Her laughter poured across the room. “Yeah, right?”
He brought her back into his lap. “I didn’t expect that, but I’m glad because I love you too. I have for a long time.”
“Since forever, according to your brother,” she taunted, “but I’d like to think it’s since we started going out.”
“I am going to find a deep hole to push him into,” Lee promised.
“I don’t know if I want to hang him from the rafters or hug him,” Rachel confessed. She stroked her fingers through Lee’s hair, her expression gone thoughtful. “I was confused this morning, and part of it was realizing how much you mean to me. I didn’t expect that—not because you’re a terrible person, but because I thought I was done needing a man in my life. I thought I’d been too hurt to ever truly want someone with me all the time.”
Every one of his dreams was coming true. “But you want me.”
She nodded. “Very much.”
He kissed her because it was impossible not to.
Rachel pulled back, more on her mind. “After Trevor dumped me, I made a quick mental list of everything I needed to do. And the entire time I was lighting the stove and dragging out the box of supplies you’d restocked, I was thankful for the things you’d taught me. And not just here in the wilderness, although we’ve shared an experience some people might not have their entire lifetime.”

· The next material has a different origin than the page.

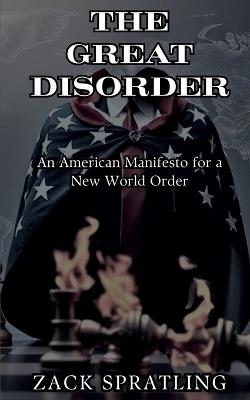 The Great Disorder: An American Manifesto for a New World Order - Zack Spratling - cover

“Not many people get snowed-in for days,” he teased. “It’s something special.”
Her smile flashed, but she wasn’t done, rising to her feet and pacing away a few steps before turning. “I had no intention of keeping this a secret, but this morning I was worried how you’d react. But then”—she gestured around them at the cabin before looking into his eyes—“I thought back to our time here and how you took every emergency in stride. You were smart, and mature, and I really looked up to you.”
This was building to something big, and Lee hoped he would live up to her expectations. “Just tell me. There’s nothing you can say that will change how I feel about you.”